I’m staring at a creature that shouldn’t exist, a zoomorphic mashup of anatomical incongruities. It has the head of a squid and the frame of Hulk Hogan, like a cartoonish Atlantean bodybuilder out of a Lovecraftian kid’s book. Crimson corncobs protrude from its temples. Its tail is a rainbow plume. At the press of a button it bellows “I will avenge rock and roll!” in perfect metal falsetto.
I’ve just built the world’s weirdest toy-hero in an early version of Skylanders: Imaginators, a radical rethink of studio Toys for Bob and publisher Activision’s multibillion-dollar toys-to-life franchise. Skylanders: Imaginators is set to arrive on current and last-gen consoles October 16.
Activision launched the so-called toys-to-life category five years ago when it introduced the Skylanders franchise as a hybrid genre that encouraged players to collect figurines that interact with console games. The higher prices—sets can costs $100—led to competition from Nintendo, Disney, and Lego among others.

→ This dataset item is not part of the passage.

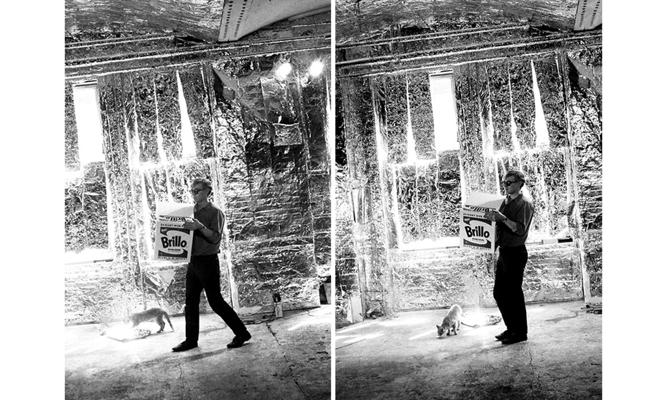 Billy Warhol, photo 2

But since Disney’s announcement earlier this year that it was shuttering its the toys-to-life Infinity line and taking a $147 million write-down on its games business, questions have swirled about the genre’s future. Sales in the category were flat in 2015 at about $1.25 billion worldwide.
Pull back to a conference table spilling over with sheets of multicolor paper and kaleidoscopic artwork, and it becomes clear Activision believes there’s a lot of life left in the category. Each page sports a unique drawing of an imaginary being by a child. The pages are flush with strange math and words to describe every anomalous appendage. Some are humanoid, others not, but all are detailed, beguiling and clearly loved.

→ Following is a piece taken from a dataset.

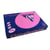 Ramette de papier - A4 - Rose fluo - 80g - Impression - 500 feuilles - Clairefontaine Trophée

“We get thousands and thousands of these letters from kids all around the world,” Activision senior producer Chris Wilson tells me, drawing my attention to one in particular—a formidable-looking critter with the words “Fire Turtle” scrawled at the top of the page. “They’ve been coming in since Spyro’s Adventure [the first Skylanders game, released in October 2011],” he says, adding that the pictures culminated in a light bulb moment for the team. “It was like ‘Hey, this is what kids want to do, because this is what they’re already doing,'” he says.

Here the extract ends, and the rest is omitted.